En ambos casos, asistimos a fracasos y/o frustraciones. De un lado, la pérdida del “amor loco” y la dicha familiar, simbolizadas al extremo porque el nacimiento de la encantadora (llena de gracia y de vida) Teresa acarrea en el parto la muerte de su madre Clotilde; el de la hermosa (espiritualmente elevada) Celinda (prima a la que adora, platónicamente incestuoso, el niño-narrador) provoca el fallecimiento de Isabel al alumbrarla; y el del niño-narrador (“hijo del pecado” fuera del matrimonio) supone el deceso de la parturienta Teresa. De otro lado, la historia del Perú como una reiteración de ocasiones perdidas (tal cual ha registrado Jorge Basadre).
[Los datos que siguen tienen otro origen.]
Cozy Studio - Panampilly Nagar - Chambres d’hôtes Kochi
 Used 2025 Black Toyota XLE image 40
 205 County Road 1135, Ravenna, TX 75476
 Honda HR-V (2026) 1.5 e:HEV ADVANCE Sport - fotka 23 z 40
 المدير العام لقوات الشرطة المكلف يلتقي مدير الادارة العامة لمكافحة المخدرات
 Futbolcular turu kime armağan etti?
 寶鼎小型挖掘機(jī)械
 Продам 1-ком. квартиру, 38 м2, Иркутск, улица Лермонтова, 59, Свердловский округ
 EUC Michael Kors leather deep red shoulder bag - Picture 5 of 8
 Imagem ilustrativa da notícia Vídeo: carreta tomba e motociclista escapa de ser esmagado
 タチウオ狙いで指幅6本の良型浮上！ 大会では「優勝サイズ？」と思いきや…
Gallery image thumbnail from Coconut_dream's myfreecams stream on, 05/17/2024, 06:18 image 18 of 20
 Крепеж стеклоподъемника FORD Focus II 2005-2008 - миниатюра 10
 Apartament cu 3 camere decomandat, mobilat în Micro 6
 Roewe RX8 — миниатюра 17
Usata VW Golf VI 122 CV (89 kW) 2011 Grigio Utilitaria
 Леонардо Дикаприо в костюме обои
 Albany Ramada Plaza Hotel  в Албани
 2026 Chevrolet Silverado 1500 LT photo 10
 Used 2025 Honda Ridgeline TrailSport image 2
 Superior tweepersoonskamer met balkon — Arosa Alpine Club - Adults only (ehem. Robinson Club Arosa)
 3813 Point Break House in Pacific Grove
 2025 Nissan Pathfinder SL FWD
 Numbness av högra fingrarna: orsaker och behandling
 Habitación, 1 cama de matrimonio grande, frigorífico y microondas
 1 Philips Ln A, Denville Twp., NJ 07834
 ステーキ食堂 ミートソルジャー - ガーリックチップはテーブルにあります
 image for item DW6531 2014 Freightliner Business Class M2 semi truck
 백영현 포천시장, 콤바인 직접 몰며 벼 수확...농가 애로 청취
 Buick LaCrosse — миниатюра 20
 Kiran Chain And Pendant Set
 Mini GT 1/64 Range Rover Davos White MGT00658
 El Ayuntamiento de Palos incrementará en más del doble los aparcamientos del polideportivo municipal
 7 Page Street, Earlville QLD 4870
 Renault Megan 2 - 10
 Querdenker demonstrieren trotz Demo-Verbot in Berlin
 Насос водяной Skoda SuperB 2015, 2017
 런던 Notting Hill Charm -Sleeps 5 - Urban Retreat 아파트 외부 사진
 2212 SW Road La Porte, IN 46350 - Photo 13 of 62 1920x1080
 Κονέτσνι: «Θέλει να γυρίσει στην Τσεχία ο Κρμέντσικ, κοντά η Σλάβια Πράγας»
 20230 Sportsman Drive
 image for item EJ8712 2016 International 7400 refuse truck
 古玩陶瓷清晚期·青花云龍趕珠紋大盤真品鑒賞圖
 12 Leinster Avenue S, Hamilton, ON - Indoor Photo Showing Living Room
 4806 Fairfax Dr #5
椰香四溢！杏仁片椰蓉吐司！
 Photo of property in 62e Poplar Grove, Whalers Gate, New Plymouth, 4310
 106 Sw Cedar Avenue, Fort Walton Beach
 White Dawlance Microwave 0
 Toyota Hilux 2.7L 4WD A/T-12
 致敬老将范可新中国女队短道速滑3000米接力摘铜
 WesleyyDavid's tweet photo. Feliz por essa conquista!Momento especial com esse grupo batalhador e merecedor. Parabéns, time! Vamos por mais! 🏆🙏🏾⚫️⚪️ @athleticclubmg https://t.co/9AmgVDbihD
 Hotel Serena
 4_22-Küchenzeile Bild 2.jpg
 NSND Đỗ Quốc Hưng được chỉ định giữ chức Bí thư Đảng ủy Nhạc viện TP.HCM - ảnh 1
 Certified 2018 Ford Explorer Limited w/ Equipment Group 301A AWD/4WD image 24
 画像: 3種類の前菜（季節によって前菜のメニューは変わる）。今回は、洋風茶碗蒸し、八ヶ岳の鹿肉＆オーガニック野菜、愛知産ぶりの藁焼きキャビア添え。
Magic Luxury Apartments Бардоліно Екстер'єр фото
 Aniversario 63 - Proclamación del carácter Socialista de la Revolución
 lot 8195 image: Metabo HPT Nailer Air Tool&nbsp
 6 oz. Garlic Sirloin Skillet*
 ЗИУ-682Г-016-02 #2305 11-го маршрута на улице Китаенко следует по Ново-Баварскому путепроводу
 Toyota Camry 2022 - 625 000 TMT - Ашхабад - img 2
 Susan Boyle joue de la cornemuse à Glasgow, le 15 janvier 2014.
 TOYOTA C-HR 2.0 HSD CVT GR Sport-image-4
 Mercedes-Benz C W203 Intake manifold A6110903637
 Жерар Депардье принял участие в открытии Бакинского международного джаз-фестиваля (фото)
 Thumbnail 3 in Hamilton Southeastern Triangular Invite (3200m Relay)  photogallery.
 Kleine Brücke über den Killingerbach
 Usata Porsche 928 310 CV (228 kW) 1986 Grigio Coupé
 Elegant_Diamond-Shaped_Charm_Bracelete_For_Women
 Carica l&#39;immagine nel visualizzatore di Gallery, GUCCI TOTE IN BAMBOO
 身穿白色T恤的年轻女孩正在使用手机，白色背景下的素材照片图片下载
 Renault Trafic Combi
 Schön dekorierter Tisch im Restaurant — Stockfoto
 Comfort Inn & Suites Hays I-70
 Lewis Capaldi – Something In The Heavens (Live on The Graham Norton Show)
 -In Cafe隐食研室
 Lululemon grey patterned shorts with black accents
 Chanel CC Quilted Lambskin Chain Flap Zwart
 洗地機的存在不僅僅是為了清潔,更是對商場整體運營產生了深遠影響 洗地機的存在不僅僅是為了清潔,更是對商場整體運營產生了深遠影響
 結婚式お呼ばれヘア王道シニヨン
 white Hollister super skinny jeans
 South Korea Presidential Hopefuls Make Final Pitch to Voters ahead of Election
El tiempo queda en suspenso, sin realizarse las metas deseadas, “paralizado” (p. 388, sintomáticamente el niño-narrador se vuelve paralitico). Así, Celinda, desilusionada, opta por mantenerse prisionera “en ese tiempo que prefieres inmóvil, casi fosilizado” (p. 371; y su pretendiente Ernestino posee una “indeseada virtud de mantener el tiempo suspendido, determino, aletargado” (p. 397).
Nos falta espacio para abordar la riqueza de los nexos literarios con Cien años de soledad de García Márquez, Pedro Párano de Rulfo (los muertos cohabitan la casa familiar), En busca del tiempo perdido de Proust (la eternidad de lo suspendido, contrasta con la liberación triunfal del alma en la eternidad del tiempo recordado), las aventuras marinas (en particular, Emilio Salgari), etc.